Berlin (iz/MJD). Das Berliner Verwaltungsgericht entschied bei einem wegweisenden Verfahren „zum größten Teil“ zugunsten der Muslimischen Jugend in Deutschland e.V. (MJD), die sich in dieser Instanz gegen das Bundesamt für Verfassungsschutz durchsetzen konnte, verlautbarte die MJD in einer Pressemitteilung vom 16.2.2012. „Die MJD begrüßt die Entscheidung des Verwaltungsgerichts Berlin vom 16.02.2012, welches feststellt, dass die Vorwürfe des Bundesamtes für Verfassungsschutz gegen die MJD zu großen Teilen rechtswidrig sind. Das Gericht ordnete eine Überarbeitung der Berichterstattung aus dem Jahr 2009 an.“

Die Richter haben „bei allen Punkten klar gestellt“, dass sich das Bundesamt für Verfassungsschutz bei einer Berichterstattung auf belegbare Tatsachen stützen müsse. Diese Mindestanforderung wurde in den besagten Punkten nicht erfüllt. Dadurch sieht das Gericht die Rechte der MJD als verletzt und somit das Klagebegehren als begründet an. „Wir begrüßen die Entscheidung des Gerichts und fühlen uns dadurch bestätigt, mit der Erhebung einer Klage einen richtigen Schritt gegangen zu sein. Die überwiegend positive Entscheidung des Gerichts zeigt, dass wir als religiöse Minderheit weiterhin Vertrauen in unser Rechtssystem haben dürfen“, äußerte sich Hischam Abu Ola, Vorsitzender der MJD e.V.

Es mache fassungslos, dass die Verfassungsschutzämter einerseits bei einer um Integration bemühten muslimischen Jugendorganisation mit Akribie nach Vorlagen für denunziatorische Erwähnungen suchen würden, auf der anderen Seite jedoch gewalttätige Rechtsextremisten über Jahre nur unzureichend ins Visier nehmen.

Das Berliner Urteil ist eine wichtige Entscheidung, weil es die beliebte Gleichsetzung von radikalem Gedankengut mit einer religiös-konservativen Einstellung als nicht rechtmäßig eingestuft hat. Es muss auch in Deutschland möglich sein, mit einer inneren religiösen Intensität als rechtstreue Bürger zu gelten.

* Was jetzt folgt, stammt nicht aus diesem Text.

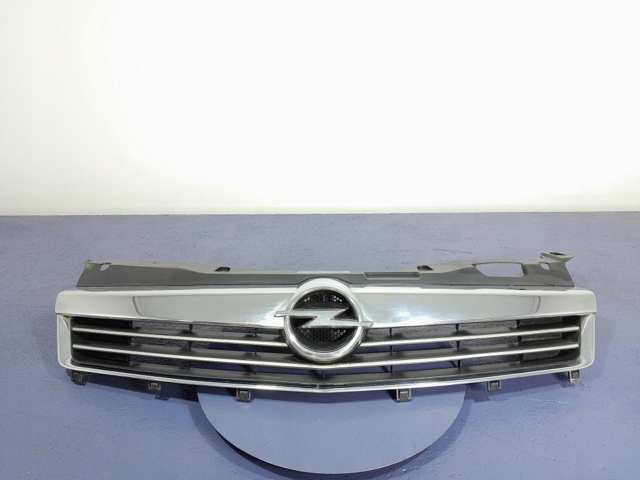OPEL 13225775 Решетка радиатора в наличии Черкассы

Gerade auch im Lichte des Naziterror-Debakels mehrerer Landesverfassungsschutzämter sollte die Debatte über die Zukunft der Dienste, die keine Verfassungsorgane sind [Vergleichbares schrieb von einigen Tagen Heribert Prantl, Kommentator bei der SZ] geführt werden. Es kann nicht sein, dass in Deutschland mehrheitsfähige, muslimische Ansichten stigmatisiert und de facto kriminalisiert werden, die im europäischen Kontext – beispielsweise in Großbritannien – kein Problem sind.

Die Frage muss erlaubt sein, ob die, Muslime beobachtende Experten eine Beobachterrolle haben, oder durch ausgrenzende Definitionen selbst zu handelnden Akteuren werden und somit politische Entscheidungen vorwegnehmen.